Work task ▸ Repetition must be exact and must stop with the line bearing "The nurse is". It begins at the first line of the records and includes no pictures.

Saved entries
__________________________________________________
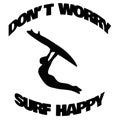 Don`t Worry Surf Happy Surfer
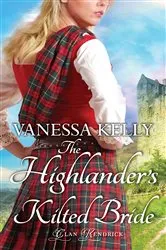 Book cover of The Highlander's Kilted Bride by Vanessa Kelly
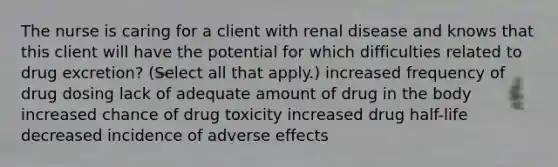 The nurse is caring for a client with renal disease and knows that this client will have the potential for which difficulties related to drug excretion? (Select all that apply.) increased frequency of drug dosing lack of adequate amount of drug in the body increased chance of drug toxicity increased drug half-life decreased incidence of adverse effects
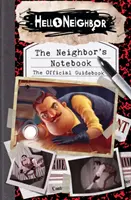 Caietul vecinului: Ghidul oficial al jocului (Hello Neighbor) - The Neighbor's Notebook: The Official Game Guide (Hello Neighbor)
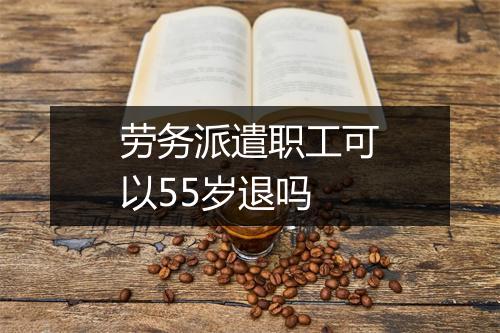 劳务派遣职工可以55岁退吗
__________________________________________________
Response area ▸
 Don`t Worry Surf Happy Surfer
 Book cover of The Highlander's Kilted Bride by Vanessa Kelly
 The nurse is caring for a client with renal disease and knows that this client will have the potential for which difficulties related to drug excretion? (Select all that apply.) increased frequency of drug dosing lack of adequate amount of drug in the body increased chance of drug toxicity increased drug half-life decreased incidence of adverse effects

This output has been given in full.